[Opening Records provided section]
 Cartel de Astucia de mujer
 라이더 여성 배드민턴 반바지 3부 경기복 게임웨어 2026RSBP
[Closing Records provided section]
[Opening Records provided section]
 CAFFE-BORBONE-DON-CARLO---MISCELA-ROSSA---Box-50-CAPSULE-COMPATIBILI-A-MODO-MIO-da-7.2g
[Closing Records provided section]
[Opening Records provided section]
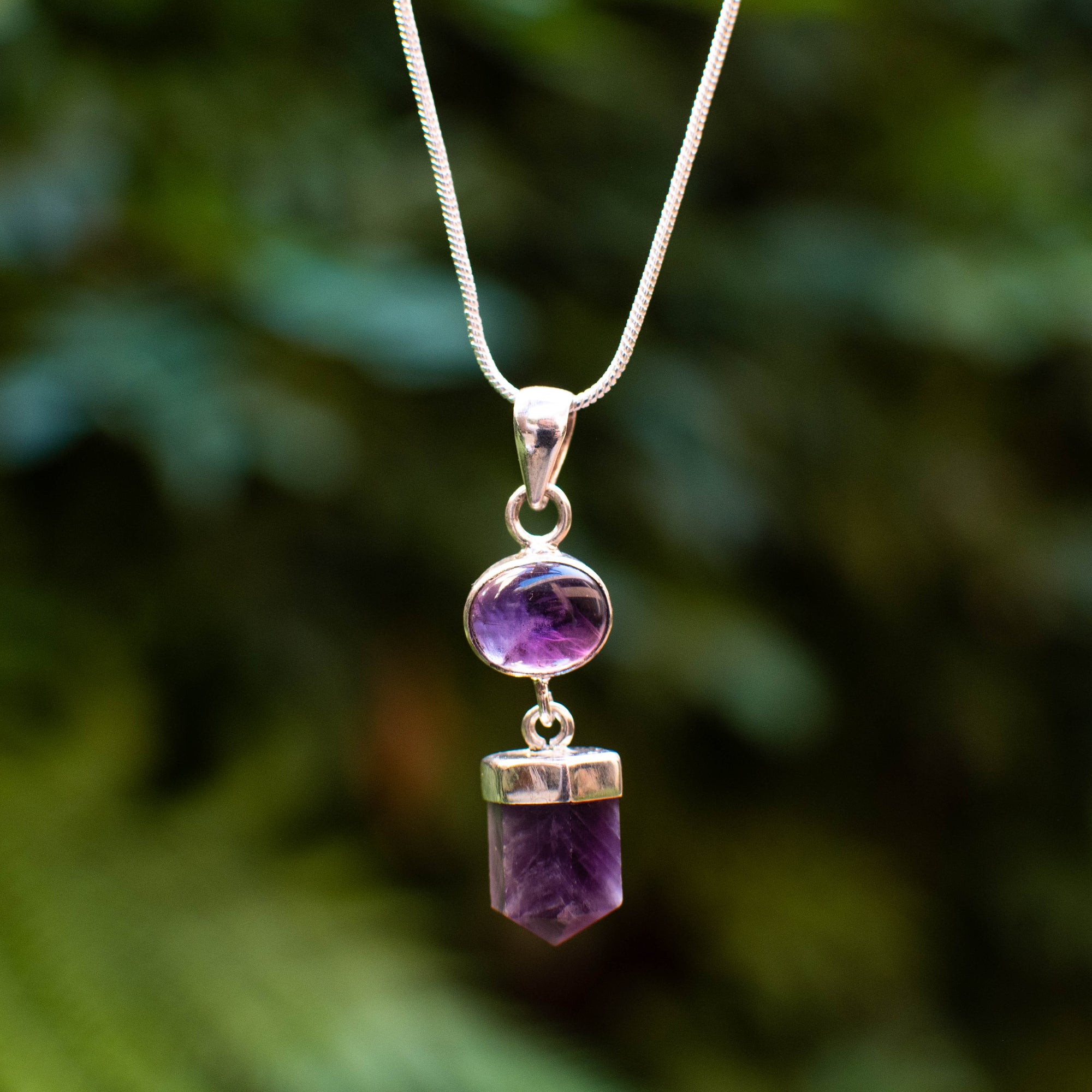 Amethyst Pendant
[Closing Records provided section]
Problem to work on: Print, without alteration, only the lines above between the one holding "Cartel de Astucia de mujer" and the one holding "라이더 여성 배드민턴 반바지 3부 경기복 게임웨어 2026RSBP", inclusive.

Response below:
 Cartel de Astucia de mujer
 라이더 여성 배드민턴 반바지 3부 경기복 게임웨어 2026RSBP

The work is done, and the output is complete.